Louise froze as the hem of her dress tickled the exposed back of her knee. Mother's nearly black irises bore into her own eyes as if she were trying to stare straight at her daughter's limbic system and scour her memories for answers to the question she never fully asked. Unsure of what she wanted, Louise simply shivered in the doorway while her father peeped his head through the kitchen doorway.

"Evenin', Louise." His greetings were always gruff, and phlegm rolled like thunder in his heavyset throat. At the sight of her mother's intense glare, he reached for a pack of weed and pushed cancer stick so far into his mouth, it looked as though he was going to swallow it whole. But he didn't stray very far. When Mama was curious, the whole house waited with baited breath to see what had her riled up.

"Good evening, Daddy," Louise replied evenly. Her mother's mouth dropped into a little brown 'o' as her eyebrows raised in an expression that said, You 'bout to turn this good evening into a real bad one for you and your behind.

"So you answer your father but not me? Was I not clear?" Mama's hands were firmly on her hips, practically indistinguishable from the dark skirt she wore—which, in turn, was indistinguishable from the blackened floor of the living room. Louise's eyes stayed glued to the very same floor as the next sentence spilled from her mother's mouth. "Is it true that...that butch friend of yours put her Daddy's suspenders on today at school?"

Louise blinked. If the aforementioned quantum physics extraordinaire were here now, she would've asked Connie Anne what the word butch meant. For now, all she could do was twist the Ring helplessly in the snowy doorway.

Daddy took a drag on his weed before drawling, "Susp'nders? She wore his braces?"

"Well, that's what Mrs. Douglas told me. She said that Connie Anne girl had stolen those damned things right outta her father's top drawer and put them on in the girls' bathroom as if she planned to wear them the whole day. Thankfully, someone caught her before she could leave, and she got a good whipping a'course. Because God knows no girl here in this Anacostia-Near Southeast area is going to be dressing like that to school.
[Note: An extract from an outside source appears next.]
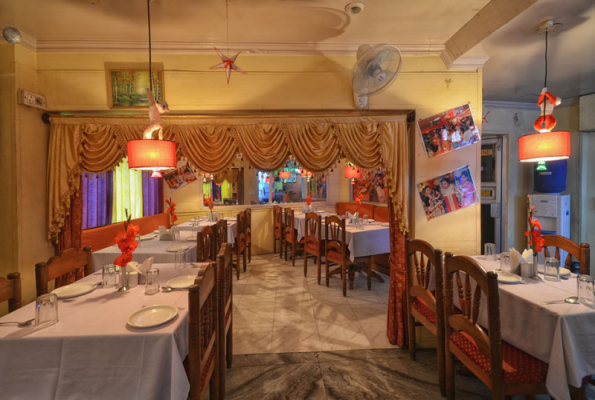 Hall 1 at Karri Klub Restaurant And Banquet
To think, her parents wanted to send her to get integrated with you, Louise." Mama shook her head vigorously as if Connie Anne's suspender incident was a violent contagious disease. Daddy opened his mouth, but nothing except for toxic smoke escaped.
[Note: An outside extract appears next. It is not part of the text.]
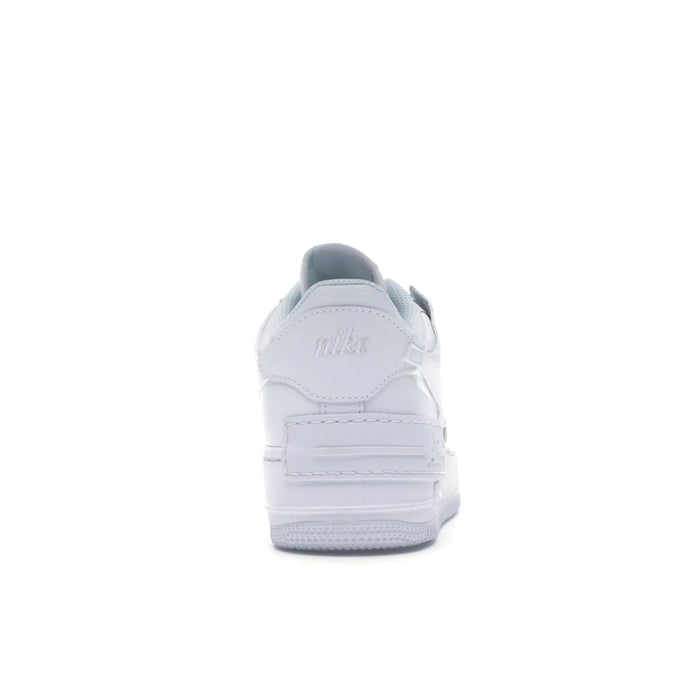 Nike Air Force 1 Low Shadow Triple White (Women's)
Mama and Daddy were similar in very few but prominent ways. They both spoke as though they'd hopped straight off the map from somewhere in the deep South, with drawled vowels and missing letters to the point where Louise could barely understand either of them. They both worked from dawn to dusk, toiling away over hulking machines that always found themselves broken after one too many rides (white-owned Capitol Hill elevators for Mama; rusty Anacostia cars for Daddy now that the ports weren't doing well). And they both certainly deemed Connie Anne to be an unfit friend for Louise.

However, that was all they could ever seem to agree on in their perfectly unhappy marriage and two out of three of those things were uncontrollable.

Daddy was a quiet man who kept his business to himself while Mama flittered around the Anacostia Laundromat, spreading illegitimate gossip as if her life depended on it. Mama was all for reform and yearned to personally lead a movement for freedom from the whites' theoretical shackles, while Daddy simply wanted to kick back and drink a few beers with his boys at the shop. They were two extremes drawn together by nothing but the passion of lust. Even now, as Louise's mother glared at her and gestured for her father to follow her into the kitchen, all Daddy did was take another cigarette from his pack.